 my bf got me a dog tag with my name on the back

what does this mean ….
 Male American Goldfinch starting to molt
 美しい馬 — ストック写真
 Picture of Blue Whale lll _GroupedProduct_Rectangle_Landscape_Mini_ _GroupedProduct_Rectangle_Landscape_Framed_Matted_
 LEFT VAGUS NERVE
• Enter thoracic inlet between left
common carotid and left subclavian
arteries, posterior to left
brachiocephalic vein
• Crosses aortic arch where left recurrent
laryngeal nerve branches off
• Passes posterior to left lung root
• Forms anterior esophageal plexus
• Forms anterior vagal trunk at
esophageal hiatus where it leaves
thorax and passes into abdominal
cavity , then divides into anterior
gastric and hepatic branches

- - - -

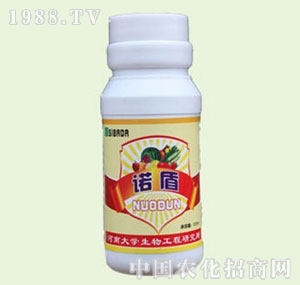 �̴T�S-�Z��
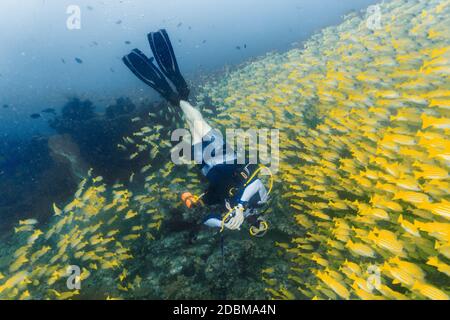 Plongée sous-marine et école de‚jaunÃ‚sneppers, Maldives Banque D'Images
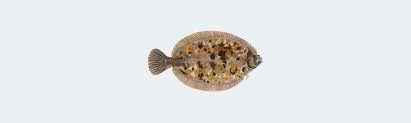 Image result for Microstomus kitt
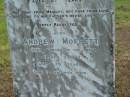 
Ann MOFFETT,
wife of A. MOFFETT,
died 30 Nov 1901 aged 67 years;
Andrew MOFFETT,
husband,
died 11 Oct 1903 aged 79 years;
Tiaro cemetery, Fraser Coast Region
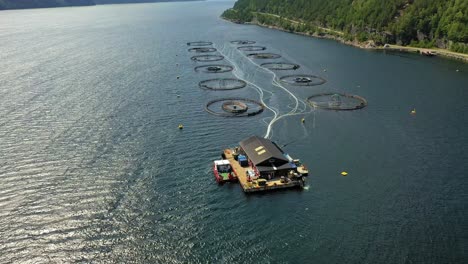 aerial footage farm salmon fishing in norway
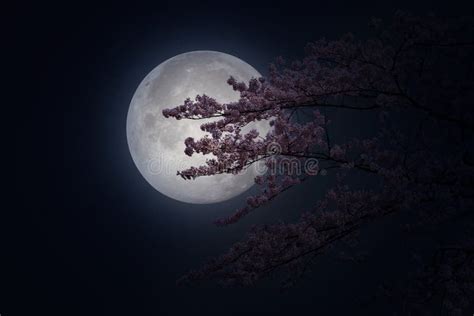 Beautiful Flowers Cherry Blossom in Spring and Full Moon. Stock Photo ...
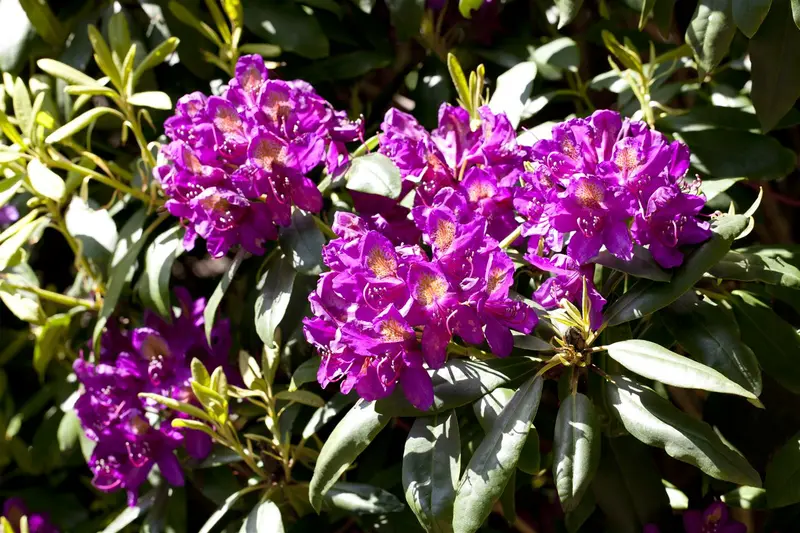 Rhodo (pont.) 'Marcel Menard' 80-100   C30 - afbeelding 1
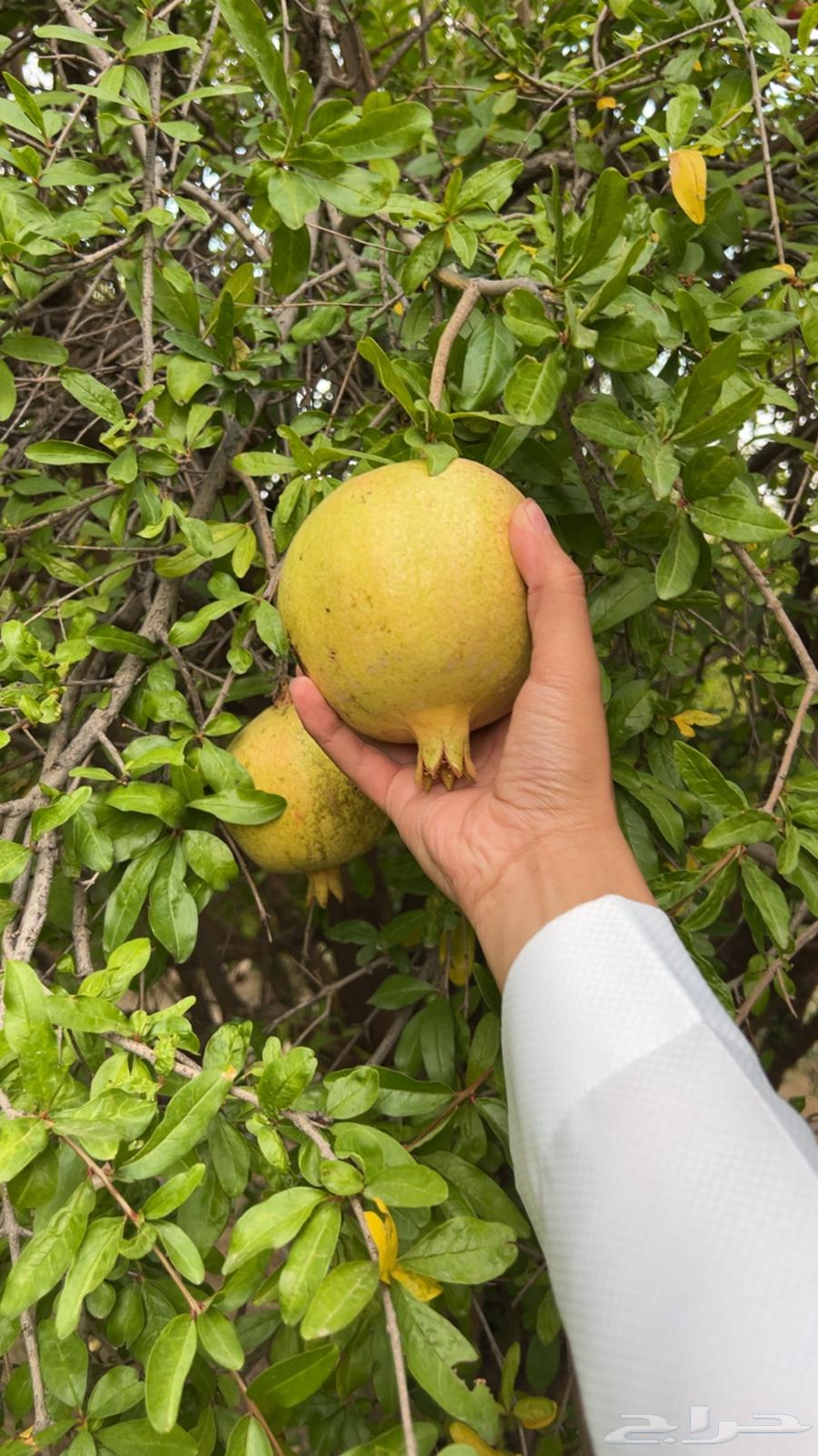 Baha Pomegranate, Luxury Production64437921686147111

- - - -

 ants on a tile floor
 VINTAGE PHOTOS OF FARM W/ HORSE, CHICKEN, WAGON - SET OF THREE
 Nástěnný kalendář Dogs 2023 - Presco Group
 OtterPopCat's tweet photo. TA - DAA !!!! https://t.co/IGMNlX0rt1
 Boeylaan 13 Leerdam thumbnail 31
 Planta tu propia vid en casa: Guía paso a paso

- - - -

- [REQUIRED ACTION]:
Given the records above, restate word for word only the lines starting at the one with "Male American Goldfinch starting to molt" and ending at the one with "gastric and hepatic branches".

- [YOUR RESPONSE]:
 Male American Goldfinch starting to molt
 美しい馬 — ストック写真
 Picture of Blue Whale lll _GroupedProduct_Rectangle_Landscape_Mini_ _GroupedProduct_Rectangle_Landscape_Framed_Matted_
 LEFT VAGUS NERVE
• Enter thoracic inlet between left
common carotid and left subclavian
arteries, posterior to left
brachiocephalic vein
• Crosses aortic arch where left recurrent
laryngeal nerve branches off
• Passes posterior to left lung root
• Forms anterior esophageal plexus
• Forms anterior vagal trunk at
esophageal hiatus where it leaves
thorax and passes into abdominal
cavity , then divides into anterior
gastric and hepatic branches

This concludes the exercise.